Opposite the hotel, Karolina Giannaraki, 23, works as a waitress at Romiosini Greek restaurant, having lost her job as a cosmetics consultant in Athens only three months ago.

"It's better here," she explains. "I have my own house and pay my rent, which is a first for me - to actually pay the rent, the water and the electricity. I didn't have any money in Greece."

Having studied cosmetics for two years and achieved her qualifications, Ms Giannaraki was in a job for just two months when her employer was forced to let her go.

"They saw the crisis coming and they said to me 'sorry we can't keep you'," she explains quietly while seated at the back of the restaurant.

Ms Giannaraki's manner and hushed tones are that of an informant - one who understands the gravity of the situation in which her loved ones find themselves.

"It's terrible at this time," she says. "All the Greek people must pay very much money for the taxes and they don't have money to pay."

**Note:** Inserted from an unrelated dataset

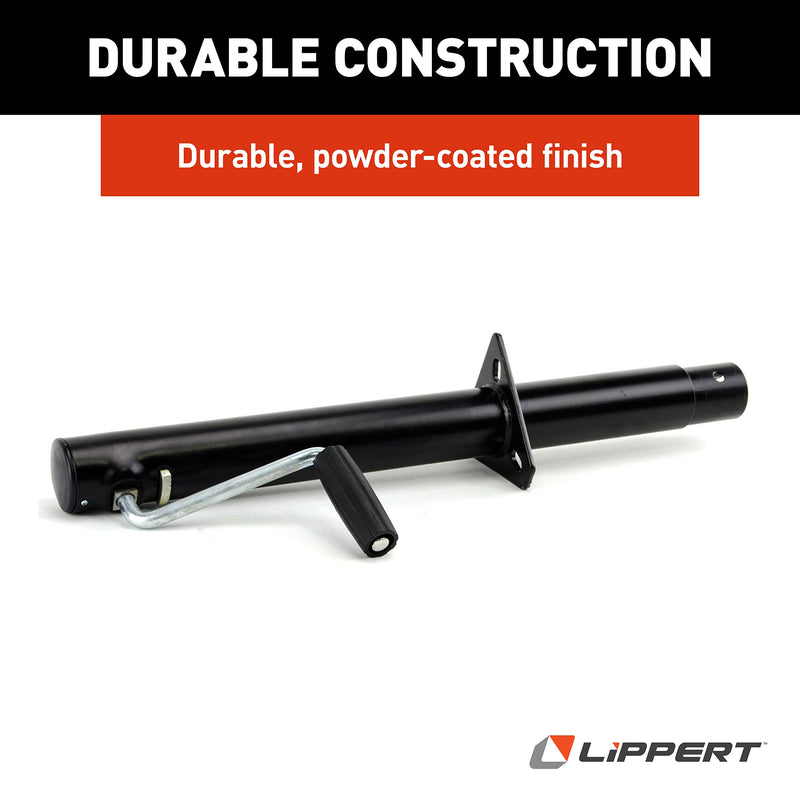 Side Wind Lippert 285420 Tongue Jack with Mounting Hardware , Black , Standard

She desperately wants to go home, "back to Greece's beaches", and hopes Mrs Merkel and the rest of Europe's stalling politicians will come to her country's aid.

It is unclear what Mrs Merkel hoped to achieve at the retail conference, because she refused to speak to journalists and did not speak at the event. Meanwhile, Wolfgang Schäuble, her finance minister, seemed to downplay an increase in the euro bailout fund, the European Financial Stability Facility, on German television as other politicians also denounced the idea.

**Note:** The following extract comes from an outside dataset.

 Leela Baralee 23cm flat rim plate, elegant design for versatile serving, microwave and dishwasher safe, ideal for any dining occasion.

"Look, it's a very complex situation," Ms Giannaraki said. "But I think that because we are in the European Union, all must help the others who have problems. It's not so very easy to explain this because the German people always say 'we are paying for you to get out of the crisis'. But the Germans do not pay the Greek people, they pay the government."

Luckily, part of Ms Giannaraki's heritage is German, so she speaks her mother's native tongue.

But her boyfriend, Giogos Karalielis, 24, had little grasp of the language when he also left Greece three months ago. He has to bake pizzas in the kitchen of another Greek restaurant in the city because he cannot take orders from customers.

"I know German and can speak it, so it's OK in Berlin," says Ms Giannaraki. "But it's very difficult for him to speak."

Just a couple of streets away from the Romiosini, Karafillidis Dimitrios, 37, explains that he is the owner of "the famous" Ach Niko Ach Greek restaurant on the city's historic Kurfürstendamm boulevard, or Ku'damm to Berliners.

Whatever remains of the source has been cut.